Problem: Copy out the entries below exactly as they stand, but only from the line containing "Camping] Recommended tent" through the line containing "Covonia Strong Lozenges".

Short web captions
━━━━

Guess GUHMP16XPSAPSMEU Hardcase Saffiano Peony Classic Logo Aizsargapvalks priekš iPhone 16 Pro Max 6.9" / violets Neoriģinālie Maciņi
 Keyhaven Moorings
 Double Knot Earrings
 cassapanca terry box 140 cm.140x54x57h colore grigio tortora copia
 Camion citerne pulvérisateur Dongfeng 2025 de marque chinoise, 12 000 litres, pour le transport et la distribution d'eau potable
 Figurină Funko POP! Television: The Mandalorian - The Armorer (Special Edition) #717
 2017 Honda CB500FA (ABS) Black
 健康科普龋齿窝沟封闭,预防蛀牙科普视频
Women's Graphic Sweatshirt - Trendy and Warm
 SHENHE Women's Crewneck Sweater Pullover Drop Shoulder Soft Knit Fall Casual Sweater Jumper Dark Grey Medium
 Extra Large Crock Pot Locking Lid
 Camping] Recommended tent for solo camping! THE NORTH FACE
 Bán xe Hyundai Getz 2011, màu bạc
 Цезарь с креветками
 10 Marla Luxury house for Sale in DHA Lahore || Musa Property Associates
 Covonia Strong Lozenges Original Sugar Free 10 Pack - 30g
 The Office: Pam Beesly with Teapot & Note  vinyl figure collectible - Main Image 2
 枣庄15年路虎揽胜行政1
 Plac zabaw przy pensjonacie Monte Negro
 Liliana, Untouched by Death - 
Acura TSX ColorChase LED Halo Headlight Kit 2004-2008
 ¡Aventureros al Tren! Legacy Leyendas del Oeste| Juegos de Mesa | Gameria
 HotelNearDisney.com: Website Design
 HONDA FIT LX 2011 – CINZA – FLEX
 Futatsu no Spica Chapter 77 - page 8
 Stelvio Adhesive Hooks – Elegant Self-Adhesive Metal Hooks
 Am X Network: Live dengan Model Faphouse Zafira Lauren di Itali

━━━━

Answer section:
 Camping] Recommended tent for solo camping! THE NORTH FACE
 Bán xe Hyundai Getz 2011, màu bạc
 Цезарь с креветками
 10 Marla Luxury house for Sale in DHA Lahore || Musa Property Associates
 Covonia Strong Lozenges Original Sugar Free 10 Pack - 30g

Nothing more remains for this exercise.